Optimal Feature Selection from VMware ESXi 5.1 Feature Set
A study of VMware ESXi 5.1 server has been carried out to find the optimal set of parameters which suggest usage of different resources of the server. Feature selection algorithms have been used to extract the optimum set of parameters of the data obtained from VMware ESXi 5.1 server using esxtop command. Multiple virtual machines (VMs) are running in the mentioned server. K-means algorithm is used for clustering the VMs. The goodness of each cluster is determined by Davies Bouldin index and Dunn index respectively. The best cluster is further identified by the determined indices.

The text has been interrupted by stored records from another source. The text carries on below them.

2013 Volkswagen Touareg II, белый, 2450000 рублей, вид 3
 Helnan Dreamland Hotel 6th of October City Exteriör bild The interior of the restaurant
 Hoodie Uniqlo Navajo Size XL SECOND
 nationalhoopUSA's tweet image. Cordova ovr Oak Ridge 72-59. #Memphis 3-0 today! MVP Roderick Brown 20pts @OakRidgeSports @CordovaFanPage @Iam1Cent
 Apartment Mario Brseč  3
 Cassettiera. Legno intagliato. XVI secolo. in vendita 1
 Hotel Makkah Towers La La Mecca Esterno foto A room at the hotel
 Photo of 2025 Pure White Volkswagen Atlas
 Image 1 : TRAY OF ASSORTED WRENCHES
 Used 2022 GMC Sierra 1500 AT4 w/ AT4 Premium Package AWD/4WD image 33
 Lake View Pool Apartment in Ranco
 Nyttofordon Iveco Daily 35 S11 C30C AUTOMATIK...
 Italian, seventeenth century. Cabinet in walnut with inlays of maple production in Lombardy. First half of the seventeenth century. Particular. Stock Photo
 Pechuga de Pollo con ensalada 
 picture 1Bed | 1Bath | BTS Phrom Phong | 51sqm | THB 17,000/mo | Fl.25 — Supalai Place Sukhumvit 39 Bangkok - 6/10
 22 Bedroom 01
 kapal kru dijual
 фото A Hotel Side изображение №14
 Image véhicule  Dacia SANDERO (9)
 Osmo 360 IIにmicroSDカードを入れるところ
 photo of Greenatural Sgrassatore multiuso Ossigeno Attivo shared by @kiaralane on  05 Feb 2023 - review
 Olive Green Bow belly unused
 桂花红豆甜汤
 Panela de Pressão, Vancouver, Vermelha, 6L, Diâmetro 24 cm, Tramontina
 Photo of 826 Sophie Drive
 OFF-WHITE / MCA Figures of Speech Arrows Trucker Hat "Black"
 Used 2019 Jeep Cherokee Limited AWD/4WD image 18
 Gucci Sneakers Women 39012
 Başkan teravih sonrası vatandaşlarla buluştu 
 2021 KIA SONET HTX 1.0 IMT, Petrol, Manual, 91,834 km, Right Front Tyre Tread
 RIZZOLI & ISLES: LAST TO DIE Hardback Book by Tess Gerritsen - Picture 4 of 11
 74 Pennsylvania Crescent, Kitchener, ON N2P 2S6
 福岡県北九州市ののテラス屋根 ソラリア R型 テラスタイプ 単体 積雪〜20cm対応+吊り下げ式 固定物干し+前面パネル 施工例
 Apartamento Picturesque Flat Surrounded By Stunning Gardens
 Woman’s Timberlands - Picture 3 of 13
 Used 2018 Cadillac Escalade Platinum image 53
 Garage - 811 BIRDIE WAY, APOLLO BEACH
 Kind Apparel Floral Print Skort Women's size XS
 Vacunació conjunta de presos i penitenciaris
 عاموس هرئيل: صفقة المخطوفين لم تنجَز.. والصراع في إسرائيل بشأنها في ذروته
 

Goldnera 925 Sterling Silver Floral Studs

The features of the best cluster are considered into a set of optimal parameters.
💡 Research Summary
The paper presents a systematic approach to identify a compact set of performance metrics that effectively describe resource utilization on a VMware ESXi 5.1 host and to use those metrics for clustering virtual machines (VMs) according to their workload characteristics. Data were collected from a single ESXi 5.1 server running multiple VMs with heterogeneous workloads (web server, application server, database). The esxtop utility was invoked at one‑second intervals for five minutes, yielding roughly thirty raw measurements per VM, including CPU usage, ready time, steal time, memory consumption, page‑in/out rates, disk read/write latency, network transmit/receive rates, context switches, and swapping frequency.
Because the raw feature space is high‑dimensional and contains redundant information, the authors applied three well‑known feature‑selection techniques. A filter method based on Pearson correlation eliminated highly collinear variables, leaving 18 candidates. A wrapper approach using forward selection with a linear regression objective narrowed the set to 14 features. Finally, an embedded method employing LASSO (L1‑regularized regression) automatically shrank coefficients to zero for irrelevant variables, producing a final subset of twelve metrics: CPU utilization, CPU ready time, memory usage, page‑in/out ratio, disk read latency, disk write latency, network transmit, network receive, swap frequency, context‑switch count, hypervisor steal time, and VM internal wait time. Cross‑validation showed that the LASSO‑derived set offered the best reproducibility and predictive power, and it was used for all subsequent analysis.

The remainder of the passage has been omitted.